McIntyre v. Colvin, 758 F.3d 146, 150 (2d Cir. 2014).

IV. ANALYSIS

Plaintiff argues the ALJ erred in her reliance on the opinion of non-examining medical expert Jack Thomas, M.D., who opined Plaintiff had moderate-to-mild work-related limitations, because the doctor did not examine Plaintiff and his opinion was “vague.” (Dkt. No. at 11 8-9.) Plaintiff asserts the ALJ should have given more “weight” to the opinion of treating nurse practitioner Jeanne Salada-Conroy because she was more familiar with Plaintiff's mental status. (Id. at 9-10.) Defendant argues the ALJ properly formulated Plaintiff's mental RFC on the record as a whole. (Dkt. No.12.)

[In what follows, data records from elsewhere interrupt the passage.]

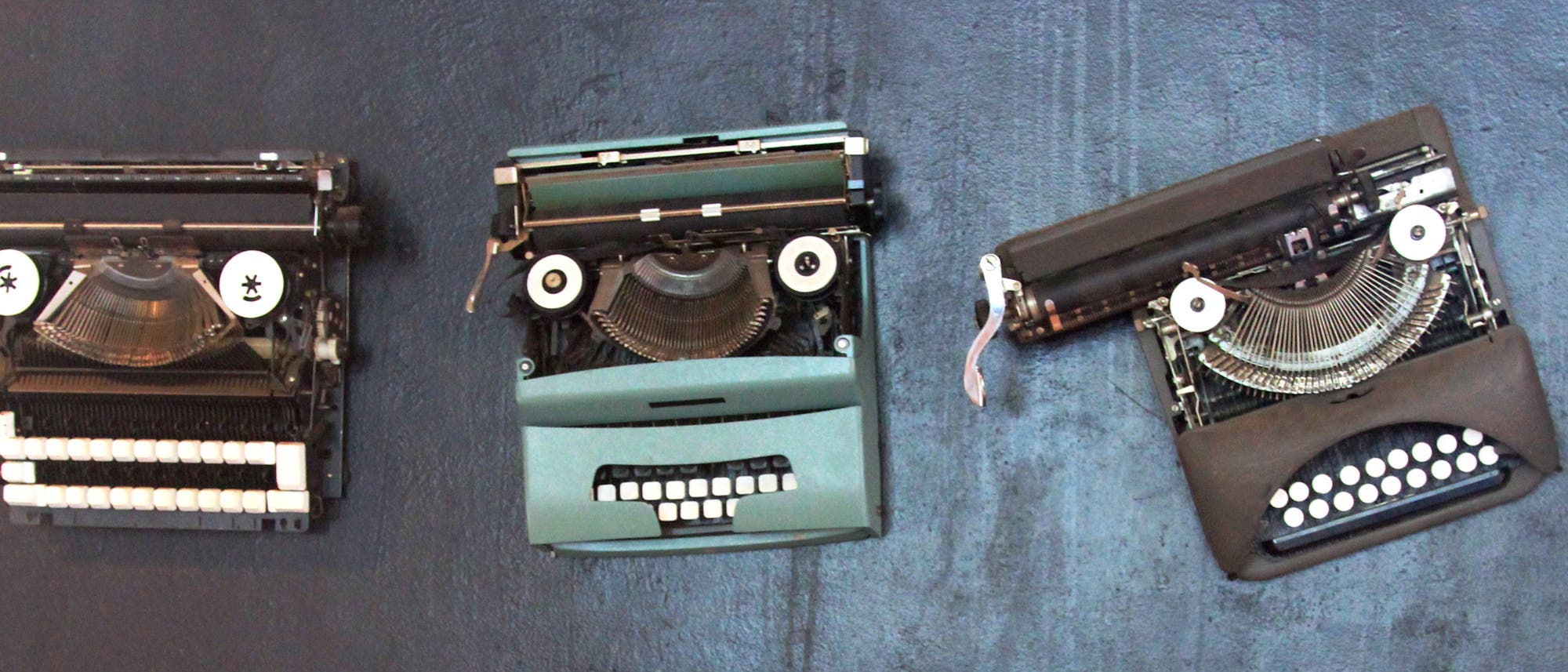 Drei antike Schreibmaschinen sind an einer blauen Wand befestigt. Jede Schreibmaschine ist so positioniert, dass sie wie ein Gesicht aussieht, wobei die Tastenreihen wie Z&auml;hne wirken. Die Schreibmaschinen sind in verschiedenen Winkeln angebracht, was den Eindruck von unterschiedlichen Gesichtsausdr&uuml;cken verst&auml;rkt.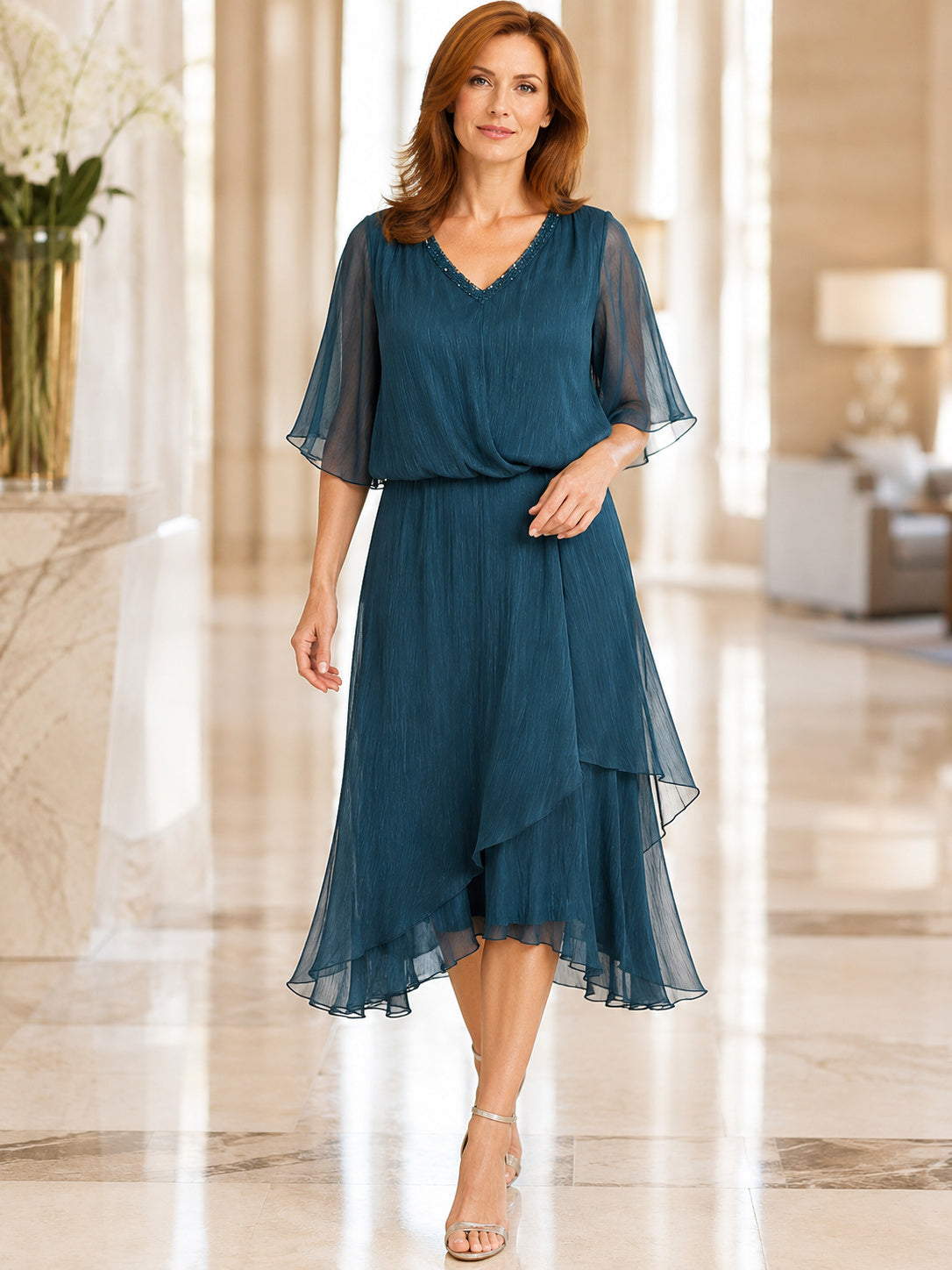 Teal chiffon cape sleeve knee length A-line dress front view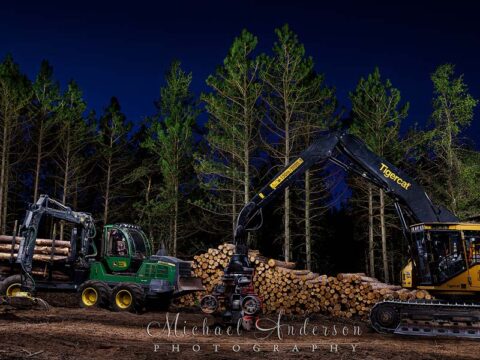 A cool light painted photo of a John Deere 1210 Forwarder and a Tigercat H822E Skidder with a Waratah HTH623C Harvester Head.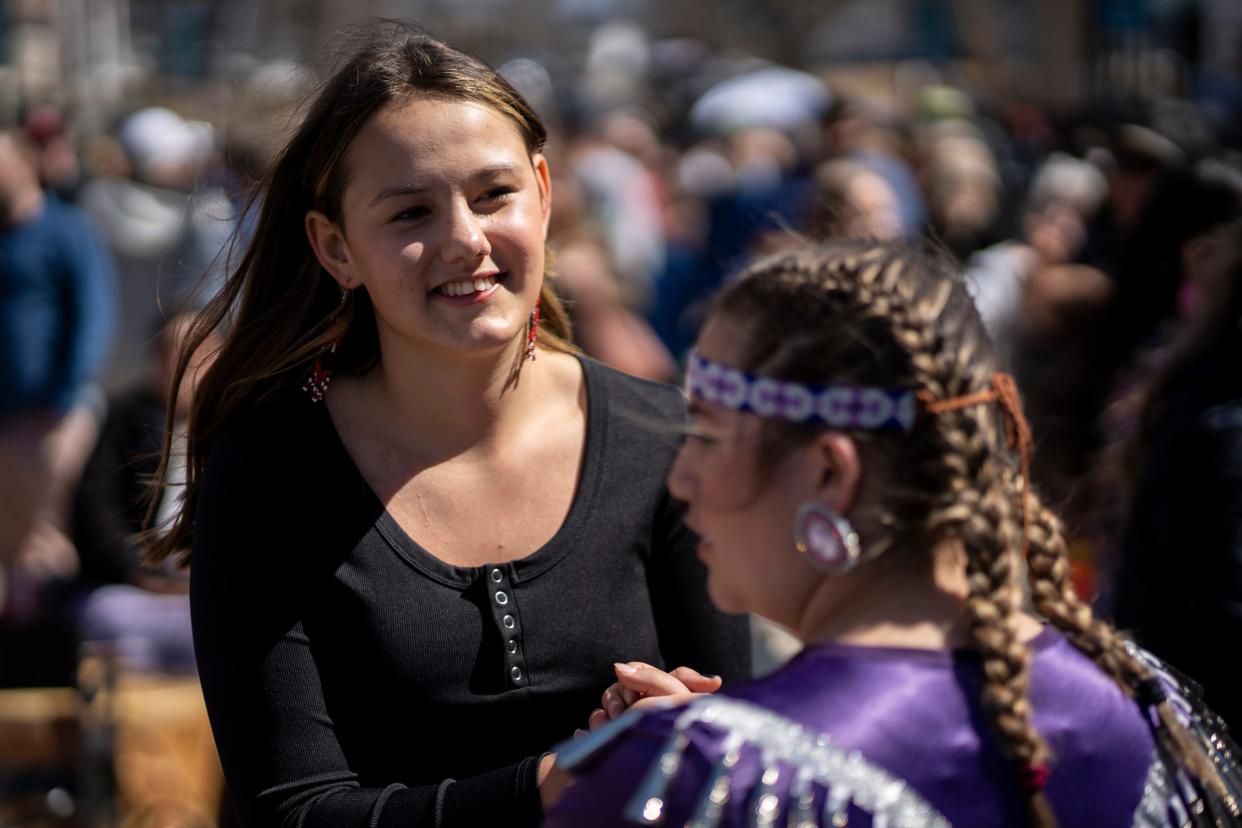 Ella Bither (left) and Olivia Taunah, members of the Houlton band of Maliseet Indians, perform a friendship dance before the solar eclipse in Houlton, Maine, the easternmost city in the United States in the path of the eclipse.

Under 20 C.F.R. § 416.920c the ALJ must articulate how she considered certain factors in assessing medical opinions. See 20 C.F.R. § 416.920c(a)-(c). The regulatory factors are: (1) supportability, (2) consistency, (3) relationship with the claimant (which has five sub-factors of its own to consider), (4) specialization, and (5) other factors. Id. § 416.920c(c). An ALJ must explain her approach with respect to the first two factors when considering a medical opinion, but need not expound on the remaining three. Id. § 416.920c(b). The ALJ is tasked with analyzing medical opinions at the source-level, meaning that the ALJ need not discuss each and every medical opinion in the record, and may apply the factors holistically to a single medical source. Id. § 416.920c(b)(1). These rules do not apply to the ALJ analysis or consideration of nonmedical sources. Id. § 416.920c(d).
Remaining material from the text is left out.